In traditional barndominium designs, whether post frame or steel frame, the columns are rooted directly in the ground. Adding a full basement requires attaching these posts to brackets on the foundation, a task best handled by an experienced contractor.
Partial basements, covering just a section of the home’s footprint, are a cost-effective and design-compatible alternative. They blend easily into the barndominium’s design, with the rest of the structure sitting on a concrete slab.
Walk-out basements, more complex, are ideal for properties on slopes. These basements have one side at ground level, allowing for an exit door. However, their complexity can lead to higher costs.
Benefits of Basements in Barndominiums
Basements in barndominiums offer several advantages:
– Additional Space: Basements provide extra room for various functions like storage, laundry, or additional living space.
– Enhanced Safety: Concrete basements offer robust protection against extreme weather, serving as a safe haven.
– Natural Cooling: Basements maintain a cooler temperature, beneficial in warmer climates.
Challenges of Basement Integration in Barndominiums
While beneficial, basements pose certain challenges:
– Higher Costs: The excavation and construction of a basement require more resources.
– Longer Construction Time: Building a basement takes longer than pouring a concrete slab.
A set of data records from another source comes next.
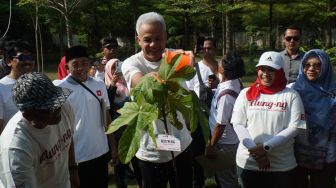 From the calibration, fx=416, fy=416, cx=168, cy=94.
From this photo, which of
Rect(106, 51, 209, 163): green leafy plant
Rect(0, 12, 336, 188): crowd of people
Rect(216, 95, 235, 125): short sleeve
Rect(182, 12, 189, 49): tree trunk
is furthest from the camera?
Rect(182, 12, 189, 49): tree trunk

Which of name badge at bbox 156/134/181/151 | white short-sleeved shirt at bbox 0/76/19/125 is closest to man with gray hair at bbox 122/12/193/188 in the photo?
name badge at bbox 156/134/181/151

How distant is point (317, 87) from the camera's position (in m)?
3.50

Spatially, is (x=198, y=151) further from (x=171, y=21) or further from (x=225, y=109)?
(x=171, y=21)

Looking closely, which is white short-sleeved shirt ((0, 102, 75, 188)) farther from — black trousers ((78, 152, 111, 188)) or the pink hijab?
the pink hijab

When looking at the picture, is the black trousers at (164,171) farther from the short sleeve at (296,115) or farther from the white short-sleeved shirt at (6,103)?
the white short-sleeved shirt at (6,103)

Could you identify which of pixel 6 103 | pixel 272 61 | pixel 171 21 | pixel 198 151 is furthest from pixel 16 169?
pixel 171 21

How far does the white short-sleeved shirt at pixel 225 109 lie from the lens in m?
4.00

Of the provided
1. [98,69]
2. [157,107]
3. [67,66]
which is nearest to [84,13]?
[98,69]

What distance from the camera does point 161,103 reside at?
6.65ft

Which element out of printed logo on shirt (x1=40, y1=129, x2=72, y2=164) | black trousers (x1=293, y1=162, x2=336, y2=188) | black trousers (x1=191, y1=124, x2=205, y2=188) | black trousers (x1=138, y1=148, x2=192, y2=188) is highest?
printed logo on shirt (x1=40, y1=129, x2=72, y2=164)

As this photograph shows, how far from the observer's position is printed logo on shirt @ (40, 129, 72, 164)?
8.19ft

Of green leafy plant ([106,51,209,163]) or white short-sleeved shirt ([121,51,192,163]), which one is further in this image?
white short-sleeved shirt ([121,51,192,163])

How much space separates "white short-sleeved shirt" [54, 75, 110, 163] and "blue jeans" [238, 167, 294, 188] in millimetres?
1375

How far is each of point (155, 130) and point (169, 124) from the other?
0.34 ft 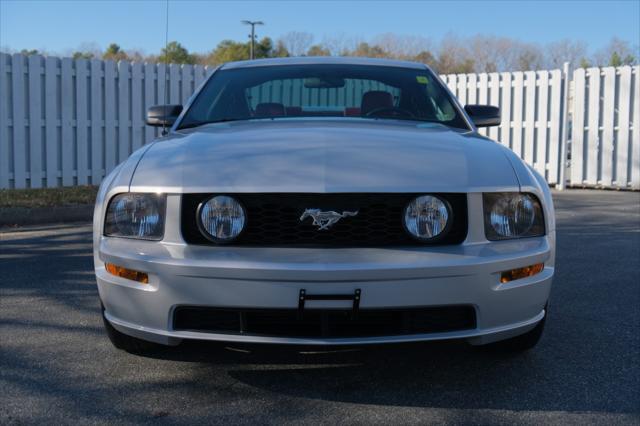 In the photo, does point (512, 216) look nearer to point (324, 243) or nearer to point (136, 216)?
point (324, 243)

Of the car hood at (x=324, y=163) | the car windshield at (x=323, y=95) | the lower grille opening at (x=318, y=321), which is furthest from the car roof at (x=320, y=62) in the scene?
the lower grille opening at (x=318, y=321)

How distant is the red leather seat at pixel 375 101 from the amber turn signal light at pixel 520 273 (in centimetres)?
164

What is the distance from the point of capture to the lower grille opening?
281 centimetres

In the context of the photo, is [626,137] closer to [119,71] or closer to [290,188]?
[119,71]

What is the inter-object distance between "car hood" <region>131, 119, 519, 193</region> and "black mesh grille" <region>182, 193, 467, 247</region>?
0.18ft

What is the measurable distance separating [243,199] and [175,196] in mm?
265

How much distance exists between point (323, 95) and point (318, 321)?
2.44 meters

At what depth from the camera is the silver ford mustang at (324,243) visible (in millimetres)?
2762

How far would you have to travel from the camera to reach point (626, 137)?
1338 cm

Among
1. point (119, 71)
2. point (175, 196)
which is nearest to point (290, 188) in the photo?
point (175, 196)

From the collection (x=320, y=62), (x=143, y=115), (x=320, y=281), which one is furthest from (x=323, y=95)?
(x=143, y=115)

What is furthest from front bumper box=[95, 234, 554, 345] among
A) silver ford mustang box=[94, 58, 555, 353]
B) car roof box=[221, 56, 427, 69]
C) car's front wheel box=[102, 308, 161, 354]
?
car roof box=[221, 56, 427, 69]

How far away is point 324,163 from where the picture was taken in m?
3.00

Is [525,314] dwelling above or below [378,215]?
below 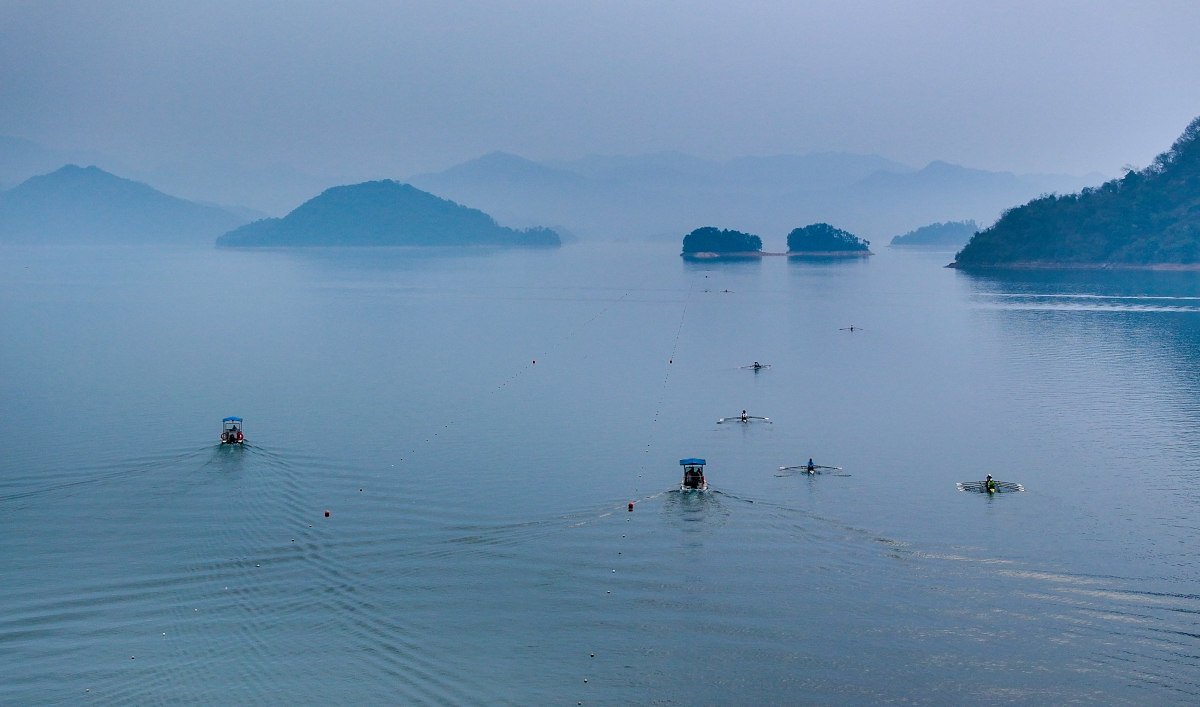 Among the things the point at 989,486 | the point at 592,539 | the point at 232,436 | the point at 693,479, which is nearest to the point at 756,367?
the point at 989,486

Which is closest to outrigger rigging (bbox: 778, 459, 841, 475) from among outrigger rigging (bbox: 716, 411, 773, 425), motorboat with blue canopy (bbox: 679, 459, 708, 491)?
motorboat with blue canopy (bbox: 679, 459, 708, 491)

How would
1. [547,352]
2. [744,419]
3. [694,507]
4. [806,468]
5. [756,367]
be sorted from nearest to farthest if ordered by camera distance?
[694,507] < [806,468] < [744,419] < [756,367] < [547,352]

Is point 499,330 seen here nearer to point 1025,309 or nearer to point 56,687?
point 1025,309

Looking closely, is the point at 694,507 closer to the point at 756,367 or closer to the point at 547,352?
the point at 756,367

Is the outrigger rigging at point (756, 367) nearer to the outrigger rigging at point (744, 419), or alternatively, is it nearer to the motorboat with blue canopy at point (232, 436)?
the outrigger rigging at point (744, 419)

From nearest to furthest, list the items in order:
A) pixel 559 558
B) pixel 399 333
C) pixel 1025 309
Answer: pixel 559 558 → pixel 399 333 → pixel 1025 309

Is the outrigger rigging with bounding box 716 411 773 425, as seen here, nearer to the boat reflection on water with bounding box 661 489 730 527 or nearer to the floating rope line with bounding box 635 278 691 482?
the floating rope line with bounding box 635 278 691 482

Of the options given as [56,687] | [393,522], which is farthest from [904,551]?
[56,687]

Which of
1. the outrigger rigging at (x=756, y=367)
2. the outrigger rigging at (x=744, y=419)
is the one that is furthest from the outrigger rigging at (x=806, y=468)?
the outrigger rigging at (x=756, y=367) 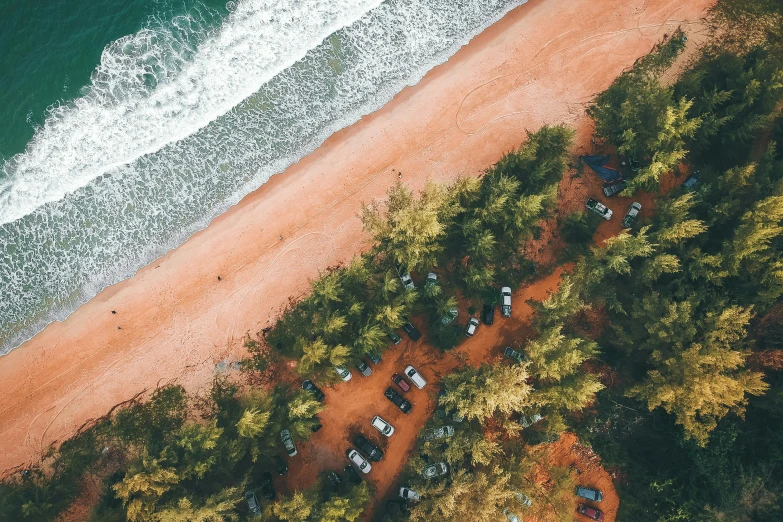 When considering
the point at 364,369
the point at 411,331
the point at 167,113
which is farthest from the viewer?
the point at 167,113

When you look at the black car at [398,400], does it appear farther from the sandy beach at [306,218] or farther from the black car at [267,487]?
the black car at [267,487]

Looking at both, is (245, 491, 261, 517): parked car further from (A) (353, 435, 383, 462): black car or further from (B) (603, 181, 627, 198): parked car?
(B) (603, 181, 627, 198): parked car

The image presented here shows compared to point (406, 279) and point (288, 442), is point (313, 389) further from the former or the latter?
point (406, 279)

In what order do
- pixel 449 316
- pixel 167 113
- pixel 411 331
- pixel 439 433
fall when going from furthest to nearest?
pixel 167 113, pixel 411 331, pixel 449 316, pixel 439 433

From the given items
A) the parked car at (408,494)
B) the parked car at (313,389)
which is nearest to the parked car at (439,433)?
the parked car at (408,494)

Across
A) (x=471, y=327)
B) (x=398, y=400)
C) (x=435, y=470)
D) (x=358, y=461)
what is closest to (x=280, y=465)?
(x=358, y=461)

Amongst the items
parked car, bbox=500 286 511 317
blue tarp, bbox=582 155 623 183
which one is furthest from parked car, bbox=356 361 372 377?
blue tarp, bbox=582 155 623 183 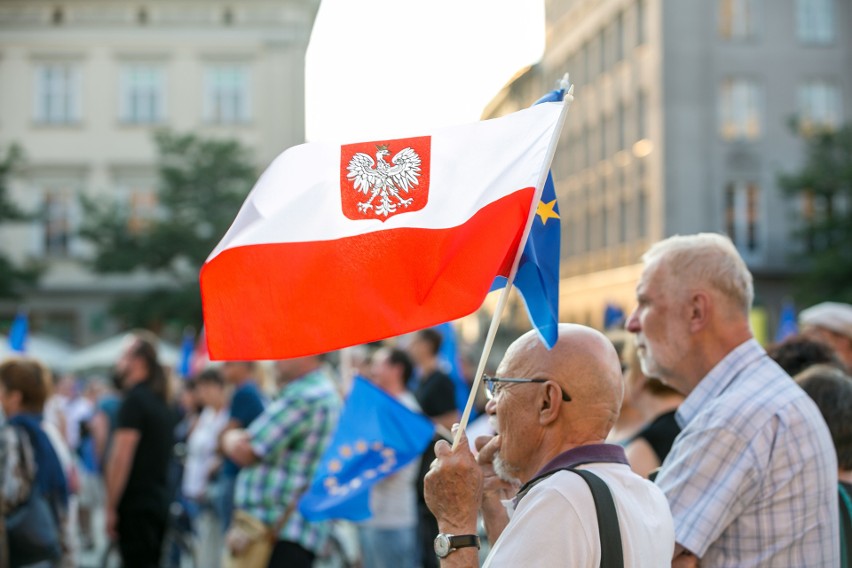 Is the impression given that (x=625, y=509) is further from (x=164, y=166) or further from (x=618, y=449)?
(x=164, y=166)

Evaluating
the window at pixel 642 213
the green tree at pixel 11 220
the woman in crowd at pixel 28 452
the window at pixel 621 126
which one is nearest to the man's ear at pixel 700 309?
the woman in crowd at pixel 28 452

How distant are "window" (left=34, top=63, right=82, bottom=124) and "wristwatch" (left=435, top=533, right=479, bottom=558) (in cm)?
4418

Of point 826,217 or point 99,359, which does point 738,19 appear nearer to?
point 826,217

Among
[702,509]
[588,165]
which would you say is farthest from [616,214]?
[702,509]

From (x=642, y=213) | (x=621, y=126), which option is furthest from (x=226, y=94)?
(x=642, y=213)

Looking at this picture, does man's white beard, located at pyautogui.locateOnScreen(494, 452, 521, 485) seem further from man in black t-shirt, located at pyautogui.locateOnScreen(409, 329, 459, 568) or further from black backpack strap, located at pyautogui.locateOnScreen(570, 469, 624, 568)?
man in black t-shirt, located at pyautogui.locateOnScreen(409, 329, 459, 568)

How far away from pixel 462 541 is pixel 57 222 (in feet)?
142

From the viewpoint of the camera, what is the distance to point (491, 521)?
9.88 ft

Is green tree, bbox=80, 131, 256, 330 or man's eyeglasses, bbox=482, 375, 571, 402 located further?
green tree, bbox=80, 131, 256, 330

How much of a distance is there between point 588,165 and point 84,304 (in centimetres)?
1938

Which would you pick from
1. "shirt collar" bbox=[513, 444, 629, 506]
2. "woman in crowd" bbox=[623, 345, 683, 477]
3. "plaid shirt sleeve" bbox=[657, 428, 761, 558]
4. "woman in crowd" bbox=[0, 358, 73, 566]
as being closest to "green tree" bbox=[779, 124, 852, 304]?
"woman in crowd" bbox=[0, 358, 73, 566]

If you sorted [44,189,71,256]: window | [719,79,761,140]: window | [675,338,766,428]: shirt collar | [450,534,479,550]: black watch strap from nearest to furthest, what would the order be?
[450,534,479,550]: black watch strap → [675,338,766,428]: shirt collar → [719,79,761,140]: window → [44,189,71,256]: window

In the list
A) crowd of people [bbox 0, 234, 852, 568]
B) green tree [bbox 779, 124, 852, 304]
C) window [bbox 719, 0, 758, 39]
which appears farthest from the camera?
window [bbox 719, 0, 758, 39]

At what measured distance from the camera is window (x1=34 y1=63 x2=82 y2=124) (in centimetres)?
4444
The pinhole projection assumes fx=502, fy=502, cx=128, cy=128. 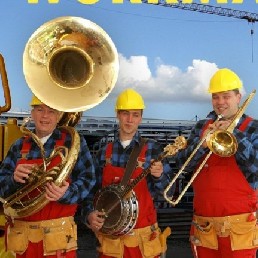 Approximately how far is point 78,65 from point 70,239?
1394 millimetres

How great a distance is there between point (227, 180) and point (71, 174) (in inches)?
47.9

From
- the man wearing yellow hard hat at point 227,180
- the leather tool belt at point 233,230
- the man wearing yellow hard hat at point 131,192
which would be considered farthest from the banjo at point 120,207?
the leather tool belt at point 233,230

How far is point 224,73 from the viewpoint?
407cm

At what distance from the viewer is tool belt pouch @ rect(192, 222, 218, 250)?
12.9ft

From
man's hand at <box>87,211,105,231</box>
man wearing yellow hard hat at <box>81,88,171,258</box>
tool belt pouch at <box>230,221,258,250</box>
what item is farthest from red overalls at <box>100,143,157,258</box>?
tool belt pouch at <box>230,221,258,250</box>

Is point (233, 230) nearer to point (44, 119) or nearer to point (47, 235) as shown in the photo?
point (47, 235)

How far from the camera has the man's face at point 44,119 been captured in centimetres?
392

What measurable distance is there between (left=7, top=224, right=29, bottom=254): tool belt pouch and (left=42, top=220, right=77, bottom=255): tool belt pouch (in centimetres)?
16

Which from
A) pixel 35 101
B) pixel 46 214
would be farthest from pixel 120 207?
pixel 35 101

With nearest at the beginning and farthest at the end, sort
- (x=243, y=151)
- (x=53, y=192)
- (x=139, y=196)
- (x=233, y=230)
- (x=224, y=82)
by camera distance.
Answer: (x=53, y=192) → (x=243, y=151) → (x=233, y=230) → (x=224, y=82) → (x=139, y=196)

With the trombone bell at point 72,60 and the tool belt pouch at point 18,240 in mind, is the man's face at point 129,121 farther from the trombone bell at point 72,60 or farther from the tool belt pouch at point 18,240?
the tool belt pouch at point 18,240

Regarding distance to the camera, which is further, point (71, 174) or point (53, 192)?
point (71, 174)

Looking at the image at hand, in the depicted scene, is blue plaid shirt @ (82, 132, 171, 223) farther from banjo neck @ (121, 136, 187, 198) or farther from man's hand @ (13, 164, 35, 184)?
man's hand @ (13, 164, 35, 184)

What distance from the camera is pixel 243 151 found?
3.75 meters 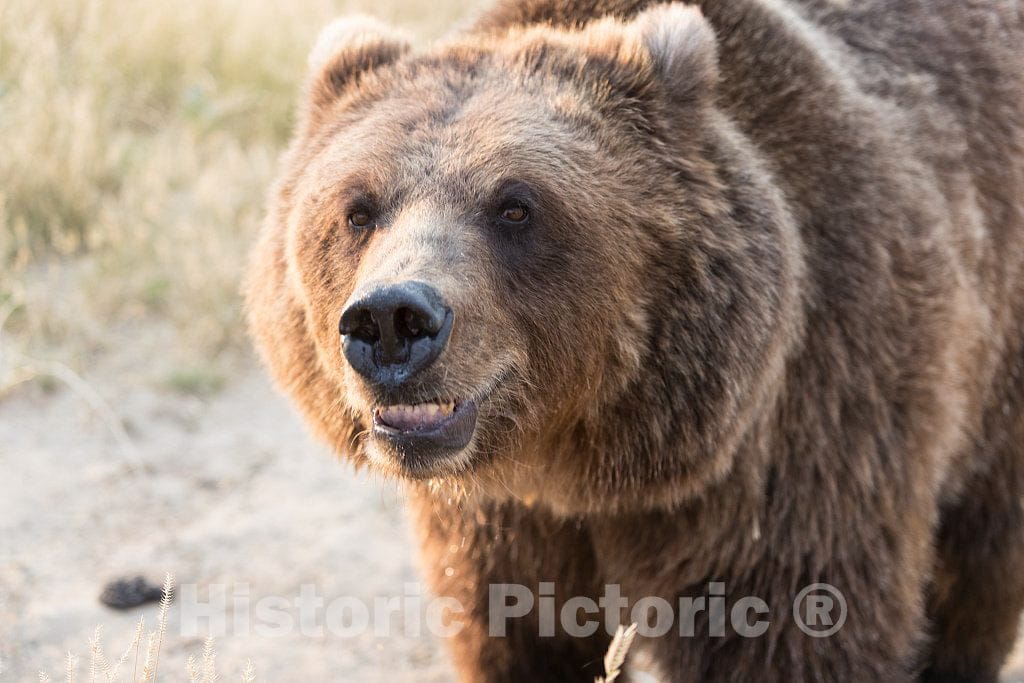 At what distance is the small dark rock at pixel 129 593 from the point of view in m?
4.54

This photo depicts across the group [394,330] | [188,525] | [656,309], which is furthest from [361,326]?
[188,525]

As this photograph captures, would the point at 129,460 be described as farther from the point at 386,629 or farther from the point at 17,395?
the point at 386,629

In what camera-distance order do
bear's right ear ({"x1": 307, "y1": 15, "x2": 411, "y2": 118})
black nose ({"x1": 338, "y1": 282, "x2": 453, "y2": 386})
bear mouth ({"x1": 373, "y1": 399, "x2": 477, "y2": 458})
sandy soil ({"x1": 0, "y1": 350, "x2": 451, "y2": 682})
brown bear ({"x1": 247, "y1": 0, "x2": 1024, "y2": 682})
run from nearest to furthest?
black nose ({"x1": 338, "y1": 282, "x2": 453, "y2": 386}), bear mouth ({"x1": 373, "y1": 399, "x2": 477, "y2": 458}), brown bear ({"x1": 247, "y1": 0, "x2": 1024, "y2": 682}), bear's right ear ({"x1": 307, "y1": 15, "x2": 411, "y2": 118}), sandy soil ({"x1": 0, "y1": 350, "x2": 451, "y2": 682})

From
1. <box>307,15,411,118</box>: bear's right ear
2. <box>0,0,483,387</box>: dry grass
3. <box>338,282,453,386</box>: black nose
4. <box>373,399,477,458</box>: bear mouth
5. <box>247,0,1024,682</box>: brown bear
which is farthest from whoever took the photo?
<box>0,0,483,387</box>: dry grass

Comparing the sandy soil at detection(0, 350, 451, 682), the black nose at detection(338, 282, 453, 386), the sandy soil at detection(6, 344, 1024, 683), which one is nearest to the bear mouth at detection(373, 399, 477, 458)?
the black nose at detection(338, 282, 453, 386)

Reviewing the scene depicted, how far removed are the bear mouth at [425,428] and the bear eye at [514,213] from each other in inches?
17.3

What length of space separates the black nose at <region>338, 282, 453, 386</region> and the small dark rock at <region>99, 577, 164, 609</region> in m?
2.44

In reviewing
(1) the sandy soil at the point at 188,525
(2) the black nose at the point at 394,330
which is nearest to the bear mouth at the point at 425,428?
(2) the black nose at the point at 394,330

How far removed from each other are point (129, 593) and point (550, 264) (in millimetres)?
2558

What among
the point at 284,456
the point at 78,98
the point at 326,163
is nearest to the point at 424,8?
the point at 78,98

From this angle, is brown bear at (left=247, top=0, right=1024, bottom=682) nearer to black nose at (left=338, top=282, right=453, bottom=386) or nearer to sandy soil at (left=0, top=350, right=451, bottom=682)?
black nose at (left=338, top=282, right=453, bottom=386)

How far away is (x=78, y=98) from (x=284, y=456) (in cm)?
279

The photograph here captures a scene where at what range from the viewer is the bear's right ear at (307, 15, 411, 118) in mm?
3369

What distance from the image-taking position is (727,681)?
3.19 meters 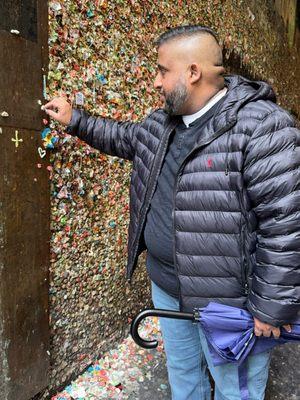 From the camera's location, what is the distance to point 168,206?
1.63m

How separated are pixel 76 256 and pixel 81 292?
0.26 meters

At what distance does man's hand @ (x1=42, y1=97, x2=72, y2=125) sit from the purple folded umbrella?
3.34 feet

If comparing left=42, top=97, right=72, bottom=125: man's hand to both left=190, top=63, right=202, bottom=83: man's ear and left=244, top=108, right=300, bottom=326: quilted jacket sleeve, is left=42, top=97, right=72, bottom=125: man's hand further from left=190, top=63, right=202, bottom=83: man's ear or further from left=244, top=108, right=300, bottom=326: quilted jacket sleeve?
left=244, top=108, right=300, bottom=326: quilted jacket sleeve

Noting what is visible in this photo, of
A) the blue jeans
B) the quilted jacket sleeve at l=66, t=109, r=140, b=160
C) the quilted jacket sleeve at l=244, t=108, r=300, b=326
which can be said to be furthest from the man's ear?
the blue jeans

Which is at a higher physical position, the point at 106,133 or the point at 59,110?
the point at 59,110

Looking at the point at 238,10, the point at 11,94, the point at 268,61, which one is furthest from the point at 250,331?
the point at 268,61

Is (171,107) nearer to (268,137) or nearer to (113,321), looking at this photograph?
(268,137)

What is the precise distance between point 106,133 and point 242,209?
2.95 ft

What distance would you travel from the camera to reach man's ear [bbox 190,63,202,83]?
151 centimetres

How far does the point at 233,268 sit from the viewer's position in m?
1.45

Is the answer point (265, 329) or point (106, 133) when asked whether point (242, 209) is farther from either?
point (106, 133)

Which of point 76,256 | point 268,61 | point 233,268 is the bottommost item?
point 76,256

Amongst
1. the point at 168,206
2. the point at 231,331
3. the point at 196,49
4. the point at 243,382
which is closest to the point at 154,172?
the point at 168,206

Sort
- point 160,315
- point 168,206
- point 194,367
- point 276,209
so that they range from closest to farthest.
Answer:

– Regulatory Constraints: Basements may not always be considered primary living areas, depending on local regulations.
– Lighting and Finishing Needs: Basements lack natural light and may require significant investment in artificial lighting and interior finishing.
Alternatives to Basements in Barndominiums
For those considering other foundation options:
– Slab Foundations: Quick and cost-effective, slab foundations are a popular choice.
– Crawl Spaces: Offer limited height for access and storage, blending well with surrounding slab foundations.
Concluding Thoughts on Barndominium Basements
Integrating a basement into a barndominium brings expanded functionality but also additional work and expenses. The decision to include a basement, particularly a full or walk-out style, must consider these factors, particularly in steel constructions where costs can be significantly higher.
Ultimately, basements offer great utility, potentially transforming into leisure or utility spaces. Barndominiums, like traditional homes, offer a range of design possibilities, including the incorporation of basements, but such additions often benefit from the guidance of experienced contractors familiar with basement foundations.